At this point, the rain-fed wetland is depend on precise climate information,  especially for on-set seasonal information to confirm when the planting time should be started. Before 1956, Javanese farmer using indigenous knowledge of Planting Calendar called “Pranata Mangsa”, and after 1956 king of Surakarta (Pakubuwana IV) started to formalized the information.

However, the anthropogenic climate change has drastically change the climate pattern for the last 60 years. It also disrupt seasonal pattern in Indonesia that the climate forcing constructed from various kind of global & regional climate variability such as ENSO (El-Nino/La-Nina), Monsoon, Madden-Julian Oscillation,  Dipole Mode or Inter Tropical Convergence Zone. Therefore, the climatological statistic founds that “the new normal” has been more developed since then and the climate seasonal variability has been more various each years and leads to whether its extending dry or wet seasons. For example, several strong El-Nino has occurred (e.g. 1982-1983, 1997-1998,  2015-2016) and causing long drought and leads to crops fail all around Indonesia. In the future projections, the extreme ENSO more likely will be more frequent than the present day.
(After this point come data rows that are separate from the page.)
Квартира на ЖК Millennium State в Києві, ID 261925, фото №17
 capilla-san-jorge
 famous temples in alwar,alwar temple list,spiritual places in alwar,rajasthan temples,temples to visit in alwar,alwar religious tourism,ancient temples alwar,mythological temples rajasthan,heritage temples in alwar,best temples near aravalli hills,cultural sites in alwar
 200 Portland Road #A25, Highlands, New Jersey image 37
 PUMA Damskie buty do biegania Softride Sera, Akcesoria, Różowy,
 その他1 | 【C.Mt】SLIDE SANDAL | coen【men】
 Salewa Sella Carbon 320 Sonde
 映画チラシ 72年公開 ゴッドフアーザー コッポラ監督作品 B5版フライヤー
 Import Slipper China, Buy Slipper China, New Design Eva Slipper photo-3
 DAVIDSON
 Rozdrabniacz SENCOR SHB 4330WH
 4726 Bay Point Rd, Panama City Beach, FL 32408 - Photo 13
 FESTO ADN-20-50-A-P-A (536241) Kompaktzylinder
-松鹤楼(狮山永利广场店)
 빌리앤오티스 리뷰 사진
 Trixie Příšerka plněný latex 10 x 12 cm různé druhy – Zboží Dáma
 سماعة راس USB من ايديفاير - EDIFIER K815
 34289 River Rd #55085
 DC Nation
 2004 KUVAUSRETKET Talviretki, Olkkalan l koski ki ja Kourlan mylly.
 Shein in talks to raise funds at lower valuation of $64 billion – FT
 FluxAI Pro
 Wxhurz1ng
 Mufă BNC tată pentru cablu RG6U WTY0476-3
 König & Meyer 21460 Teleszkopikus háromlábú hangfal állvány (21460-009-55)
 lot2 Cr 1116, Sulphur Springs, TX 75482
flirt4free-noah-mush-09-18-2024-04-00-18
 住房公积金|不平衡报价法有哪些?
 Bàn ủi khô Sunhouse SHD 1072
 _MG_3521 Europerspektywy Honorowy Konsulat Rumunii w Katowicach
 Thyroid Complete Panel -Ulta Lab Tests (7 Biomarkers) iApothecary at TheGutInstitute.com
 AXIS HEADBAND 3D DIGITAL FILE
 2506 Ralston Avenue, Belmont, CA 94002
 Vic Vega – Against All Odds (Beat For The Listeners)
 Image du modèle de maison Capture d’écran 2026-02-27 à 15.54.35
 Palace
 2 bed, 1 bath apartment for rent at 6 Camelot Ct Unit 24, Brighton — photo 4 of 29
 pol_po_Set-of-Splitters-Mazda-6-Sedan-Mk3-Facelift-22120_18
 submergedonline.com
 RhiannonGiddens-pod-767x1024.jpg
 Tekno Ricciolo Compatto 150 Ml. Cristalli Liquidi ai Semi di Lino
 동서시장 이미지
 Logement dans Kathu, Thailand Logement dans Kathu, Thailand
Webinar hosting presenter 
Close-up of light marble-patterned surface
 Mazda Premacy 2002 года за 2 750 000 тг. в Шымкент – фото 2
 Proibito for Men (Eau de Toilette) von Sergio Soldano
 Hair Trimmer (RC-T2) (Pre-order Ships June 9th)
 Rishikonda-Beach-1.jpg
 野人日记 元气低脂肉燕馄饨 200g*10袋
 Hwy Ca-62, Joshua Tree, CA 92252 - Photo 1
This graph, based on the comparison of atmospheric samples contained in ice cores and more recent direct measurements, provides evidence that atmospheric CO2 has increased since the Industrial Revolution. (Credit: Vostok ice core data/J.R. Petit et al.; NOAA Mauna Loa CO2 record.) Source: https://climate.nasa.gov/evidence/

The modern science era to collect climatological data has been established in Indonesia since early meteorology & geophysics agency has been founded in 1866 by the Dutch East Indies. However, the operational of climate prediction product just actively being produced and published recently. The current challenge is, how these kind of information are effectively and widely used by the end users like Farmers or Plantation. As previously mentioned that rain-fed paddy field are very sensitive to seasonal variability, especially on water sufficiency. The seasonal variability also affect on pest development and varies in different landscape.

History

Back to 1989, the first group of Farmer Field Schools (FFS) were conducted in the rice fields of Indonesia and involved 200 FFSs in four districts of Yogyakarta. These were initiated by the Indonesian National Integrated Pest Management (IPM) Programme with funds from the Government of Indonesia – United States Agency for International Development (GoI-USAID) and technical assistance from FAO. By 1990, the Indonesian National IPM Programme scaled up and launched over 1,800 FFSs for rice IPM in six provinces in Java, Sumatra and South Sulawesi. In 1991, the pilot FFSs in IPM for rotation crops (mainly soybeans) was initiated while the FFS Programme was used in different countries in Asia [1]. This is how the “embryo” of Field School formed. The FFS is particularly suited and specifically developed for field studies, where hands-on management skills and conceptual understanding (based on non-formal adult education principles) is required.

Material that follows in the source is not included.